Every second, the Sun releases more energy than humanity has consumed in its entire history — and it has been doing so for 4.6 billion years.
Sunspots and the 11-year cycle
The Sun's surface isn't smooth: it boils in granules the size of a country, and is sometimes dotted with sunspots — "cool" zones (still 4,000 °C!) where intense magnetic fields slow the heat rising from below. Their number follows a cycle of about 11 years: the Sun swings from a nearly spotless minimum to a maximum riddled with spots, where flares and storms multiply. We happen to be near the maximum of Cycle 25 — which is why the auroras of 2024-2025 were so spectacular.
👉 To follow activity live (flares, storms, the Kp index), it's all on our Solar activity & geomagnetic storms page, and to find out whether an aurora is possible where you are, try the aurora forecaster.
The life of a star: where does the Sun come from, where is it going?
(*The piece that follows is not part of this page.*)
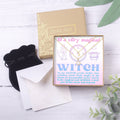 Best Witches Sun and Moon Pendants Necklace Set by Dear Ava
The Sun hasn't always existed and won't shine forever. Here is its biography, past and future:
The Sun isn't massive enough to explode as a supernova. It will end gently, as a white dwarf. And the atoms that make up your body — carbon, oxygen, iron — come from larger stars that died before the Sun was born. You are, literally, stardust.
Without the Sun, nothing
The Sun doesn't just light up the day. Its gravity holds the entire solar system in orbit. Its light feeds plants (photosynthesis), and therefore the whole food chain. Its energy creates the winds, the ocean currents, the water cycle, the climate. Its magnetic field blows a protective bubble, the heliosphere, that shields us from cosmic rays. The oil and coal we burn are solar energy stored away millions of years ago. Almost all of Earth's energy is solar energy — direct or canned.
Observing the Sun without burning your eyes
Never look at the Sun directly with the naked eye, and even less through unfiltered binoculars or a telescope: the concentrated light burns the retina within seconds, painlessly (the retina has no pain receptors) and with no possible recovery. Sunglasses, X-ray films, CDs and smoked glass do not protect you.
The good news: properly equipped, the Sun is the most accessible object in the sky — visible in broad daylight, rich in detail. Three safe ways to admire it:
- ISO 12312-2 certified eclipse glasses — to look with the naked eye (spots, partial eclipses). A few euros, indispensable.
- A full-aperture solar filter on binoculars or a telescope — placed in front of the objective, never behind the eyepiece.
- Projection — projecting the Sun's image onto white card, without ever looking through the instrument. Ideal for a group.
With a telescope fitted with a suitable filter, you'll watch sunspots evolve from day to day, and even — with a special H-alpha filter — the prominences: those arches of glowing plasma that leap off the edge of the disc, as large as ten Earths.
Frequently asked questions about the Sun
What is the Sun made of?
A ball of plasma: ≈ 73% hydrogen, 25% helium, the rest in heavier elements (oxygen, carbon, iron…). Neither fire nor solid — an ionised gas held together by its gravity.
What is the temperature of the Sun?
≈ 15 million °C at the core, ≈ 5,500 °C at the visible surface. Strangely, the corona exceeds a million degrees — a mystery still debated by physicists.
How long does light take to reach us?
8 min 20 s from the surface. But the energy first took 100,000 to 1 million years to climb from the core. This morning's light is older than humanity.
Will the Sun burn out?
Yes, in ~5 billion years: it will swell into a red giant, then end as a white dwarf. No supernova — it's too light for that.
Can you look at the Sun directly?
Never without an ISO 12312-2 certified filter. Retinal damage is painless and irreversible. Sunglasses are not enough.